Documentation Style Guide#

Note

This document is still a work in progress

This is a style guide for the ndindex documentation.

English Conventions#

  • Use American English spelling for all documentation.

  • The Oxford comma should be used.

  • “ndindex” is always written in all lowercase, unless referring to the NDIndex base class.

  • The plural of “index” is “indices”. “Indexes” should only be used as a verb. For example, “in a[i, j], the indices are i and j.
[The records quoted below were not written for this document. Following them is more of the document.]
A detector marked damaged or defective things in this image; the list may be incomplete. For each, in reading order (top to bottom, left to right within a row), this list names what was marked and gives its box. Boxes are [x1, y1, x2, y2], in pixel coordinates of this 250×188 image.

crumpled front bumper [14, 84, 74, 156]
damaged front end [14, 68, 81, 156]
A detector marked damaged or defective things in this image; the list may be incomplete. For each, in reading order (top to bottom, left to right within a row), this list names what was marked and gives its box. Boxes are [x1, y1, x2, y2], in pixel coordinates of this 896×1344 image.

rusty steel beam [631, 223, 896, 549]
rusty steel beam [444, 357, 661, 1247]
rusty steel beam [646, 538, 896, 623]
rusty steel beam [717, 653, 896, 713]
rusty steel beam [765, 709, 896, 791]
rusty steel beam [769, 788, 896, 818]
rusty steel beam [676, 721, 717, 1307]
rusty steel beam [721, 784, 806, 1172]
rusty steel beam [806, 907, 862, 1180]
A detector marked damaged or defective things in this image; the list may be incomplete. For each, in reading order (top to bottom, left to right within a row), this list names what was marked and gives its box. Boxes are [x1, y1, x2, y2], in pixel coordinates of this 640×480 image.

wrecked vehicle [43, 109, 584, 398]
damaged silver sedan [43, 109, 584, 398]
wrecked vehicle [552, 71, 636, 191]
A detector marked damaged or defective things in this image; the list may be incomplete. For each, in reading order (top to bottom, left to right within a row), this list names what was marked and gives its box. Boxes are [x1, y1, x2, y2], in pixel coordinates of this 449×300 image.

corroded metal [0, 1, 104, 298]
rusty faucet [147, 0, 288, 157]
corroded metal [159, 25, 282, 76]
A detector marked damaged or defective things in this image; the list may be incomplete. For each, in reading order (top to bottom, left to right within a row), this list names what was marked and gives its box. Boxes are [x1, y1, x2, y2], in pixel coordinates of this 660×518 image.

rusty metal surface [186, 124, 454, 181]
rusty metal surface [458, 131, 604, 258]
They represent a single tuple index (i, j), which indexes the array a.”

  • The arguments of a slice should be referred to as “start”, “stop”, and “step”, respectively. This matches the argument names and attributes of the Slice and slice objects.

  • A generic index variable should be called idx.
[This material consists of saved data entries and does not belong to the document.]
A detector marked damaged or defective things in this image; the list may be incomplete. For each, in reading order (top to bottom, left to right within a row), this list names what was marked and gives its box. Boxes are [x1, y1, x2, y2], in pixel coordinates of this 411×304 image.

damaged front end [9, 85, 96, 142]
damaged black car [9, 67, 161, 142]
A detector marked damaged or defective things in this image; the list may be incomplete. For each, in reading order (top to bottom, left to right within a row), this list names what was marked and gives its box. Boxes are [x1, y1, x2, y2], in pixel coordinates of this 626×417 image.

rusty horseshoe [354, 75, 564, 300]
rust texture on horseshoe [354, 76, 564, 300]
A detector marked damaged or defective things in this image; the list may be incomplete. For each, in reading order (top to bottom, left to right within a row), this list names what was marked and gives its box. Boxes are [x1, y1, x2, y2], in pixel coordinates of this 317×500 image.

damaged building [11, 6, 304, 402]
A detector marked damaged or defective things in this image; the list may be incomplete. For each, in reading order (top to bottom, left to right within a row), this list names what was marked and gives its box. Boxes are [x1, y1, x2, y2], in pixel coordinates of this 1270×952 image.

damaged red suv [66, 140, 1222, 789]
  • A generic slice variable should be called s.

  • Example array variables should be called a.

  • The more concise Python notation for indices should be used where it is allowed in doctests and code examples, unless not using an ndindex type would lead to confusion or ambiguity. For example, Tuple always converts its arguments to ndindex types, so Tuple(slice(1, 2), ..., 3) is preferred over Tuple(Slice(1, 2), ellipsis(), Integer(3)).

  • ... should be used in place of Ellipsis or ellipsis() wherever possible (this and the previous rule also apply to the code, not just documentation examples).

  • The above rules are only guides. If following them to the word would lead to ambiguity, they should be broken.

Markup Conventions#

  • Sphinx docs can be written either in RST or in Markdown. Markdown documents use MyST. Markdown is generally preferred over RST, although in some cases RST is required if something isn’t supported by MyST.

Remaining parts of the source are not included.